Looking back: September 3 – 22, 2013
The majority of my time and brain power this month has been spent on thinking about data management methods and instructional design for effective training. Some of this was in preparation for the Data Information Literacy Symposium at Purdue, the rest in developing the workshops/lab curriculum and materials for our December pilot. Since I’m finishing this poster after the DIL Symposium, I can say that there was some fantastic discussion about data information literacy competencies and how we teach them effectively. More on that soon…
- data management workshops: curriculum, instructional design, sample datasets & activities
- Data Information Literacy Symposium poster
Data management workshops
Curriculum – So I’ve been reviewing what is out there for some time, but only recently began to compare the various structures. Most training curricula cover the same topics, but there isn’t yet consensus around how these topics are organized and framed. I’ve chosen to structure my curriculum around the DataONE data life cycle because it represents data management activities from the perspective of the researcher. One of the more challenging issues in comparing curricula is mapping the various modules onto a common framework (mine). Several groups are organizing their content around the NSF Data Management Plan requirement. I find this a bit arbitrary and not particularly useful for researchers who are not subject to this requirement. On the other hand, it does address an existing requirement. I prefer to focus data management training on skills, methods, and strategies that help researchers in their day-to-day work, while also improving their efficiency. In my mind, it makes sense to organize this information around the process as they understand and discuss it. Currently, I think the data life cycle diagram that best fits a general research process is that from DataONE.
Identifying effective strategies/best practices – There is a more extensive lit review in process, but I wanted to proceed with the pilot workshops as soon as possible. So the strategies are based on an initial, fairly extensive lit review across several social science domains plus computer science and statistics.
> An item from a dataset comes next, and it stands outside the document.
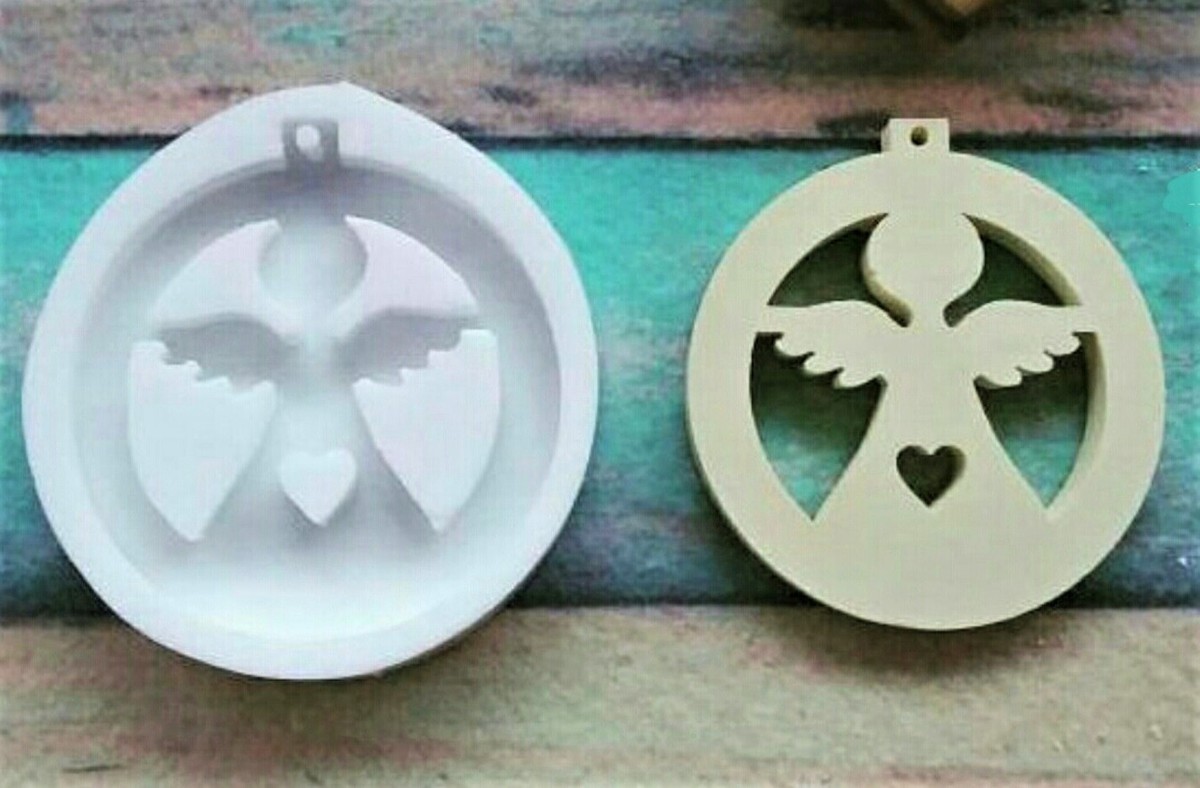 Lot De 3 Moules En Silicone Anges Et Cœurs - Pour Bougies, Plâtre, Béton, Résine - Formes Grande Et Petite - Souples Et Faciles à Démouler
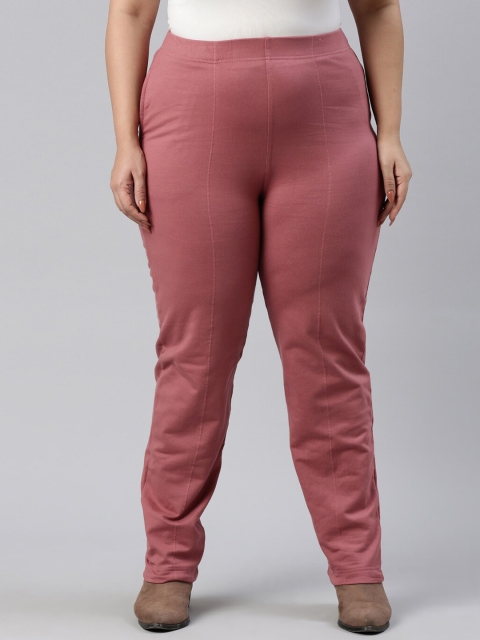 

Go Colors Women Plus Size Cotton Pink Trousers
The more extensive lit review will factor into future revisions, I’m sure. In any case, there is some good consensus around electronic resource management (file management, organization, versioning, etc.) but less so around more context-specific aspects of research data management.
Instructional design – This has been relatively easy because I’m retreading familiar territory. However, I’m finding that the best practices I’ve used in past trainings are more difficult to map onto data management issues. In part, this is due to the variety across domains and our lack of standard terminology when we talk about data management. The bench scientist has a different vocabulary than a sociologist, who has a different vocabulary than a social worker, etc.
Sample datasets & activities – We are currently identifying and reviewing sample datasets. We will do our best to use a representative sample of data, including numeric, textual, and image data, that was gathered in a variety of ways – surveys, interviews, observational or lab data.